> [Available data]:
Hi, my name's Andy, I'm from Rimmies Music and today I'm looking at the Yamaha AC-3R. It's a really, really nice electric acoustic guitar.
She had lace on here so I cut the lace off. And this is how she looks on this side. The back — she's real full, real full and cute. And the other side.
==
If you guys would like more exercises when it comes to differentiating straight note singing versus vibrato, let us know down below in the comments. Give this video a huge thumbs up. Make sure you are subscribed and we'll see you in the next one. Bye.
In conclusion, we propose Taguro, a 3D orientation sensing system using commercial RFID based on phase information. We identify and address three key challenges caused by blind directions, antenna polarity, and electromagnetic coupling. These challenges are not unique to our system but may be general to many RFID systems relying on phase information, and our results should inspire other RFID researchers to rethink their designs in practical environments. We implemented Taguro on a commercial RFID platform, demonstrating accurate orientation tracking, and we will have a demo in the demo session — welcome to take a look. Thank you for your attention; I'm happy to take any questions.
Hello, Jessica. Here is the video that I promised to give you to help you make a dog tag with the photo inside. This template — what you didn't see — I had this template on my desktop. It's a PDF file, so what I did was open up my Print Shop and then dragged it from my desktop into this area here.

> [What to work on]:
Copy the records above exactly, beginning at the line that contains "Hi, my name's" and stopping after the line that contains "She had lace".

> [Solution for this task]:
Hi, my name's Andy, I'm from Rimmies Music and today I'm looking at the Yamaha AC-3R. It's a really, really nice electric acoustic guitar.
She had lace on here so I cut the lace off. And this is how she looks on this side. The back — she's real full, real full and cute. And the other side.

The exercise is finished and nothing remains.